We are in the midst of a meteor shower, an annual spectacle of shooting stars streaking through the skies at 107,000 miles per hour, bringing with it the blazing trail of comet Thatcher (also known as C/1861 G1).

This particular flurry of celestial activity is known as the Lyrid meteor shower because they give the appearance of originating from the Lyra constellation, home to Vega, the sixth-brightest star in our sky.

While chances of seeing a stunning display this year are dimmed by the full moon, it may still be worth stepping outside as dawn approaches – the best time for viewing – as 10 to 15 stars are expected to burn through the heavens every hour, with some trails remaining lit for minutes.

"People outside the cities, in pollution-free skies should be able to see," Francisco Diego, an astronomer at University College London (UCL), tells The Christian Science Monitor in a telephone interview.

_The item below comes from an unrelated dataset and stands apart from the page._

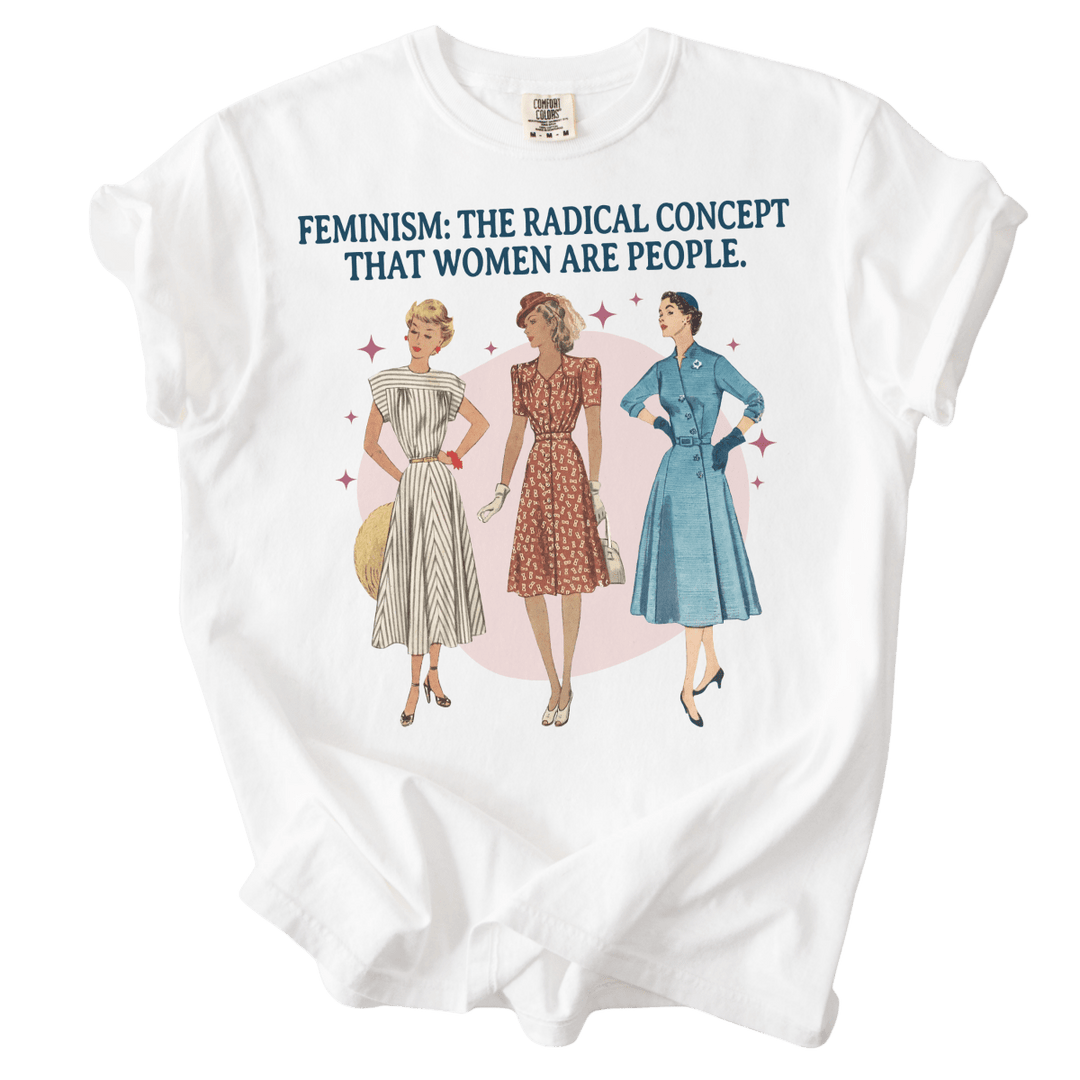 Feminism: The Radical Concept That Women Are People Tee - The Rogue Petal Co. - T-Shirt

The Northern Hemisphere will be the best place to see the show, explains Dr. Diego, a senior teaching fellow at UCL's Department of Physics and Astronomy and a fellow of the Royal Astronomical Society.

In North America, the shower should be visible all the way from the southern United States up to northern Canada; most of Europe will be able to bear witness (although it will likely be cloudy in London), as well as much of Asia, Hawaii, and Mexico, to name but a few places.

Every April, Earth passes through the moving trail of dust and debris left in the wake of comet Thatcher, speeding round the sun on its 415-year orbit.

"We are travelling at nearly 30 kilometers per second [18 miles per second] around the sun, and when we hit these specks of dust travelling at that speed they burn up in the atmosphere just due to friction," Marek Kukula, public astronomer at the Royal Observatory, Greenwich, told The Guardian. "It is a bit like driving down the motorway through a cloud of midges and they all splat on your windscreen."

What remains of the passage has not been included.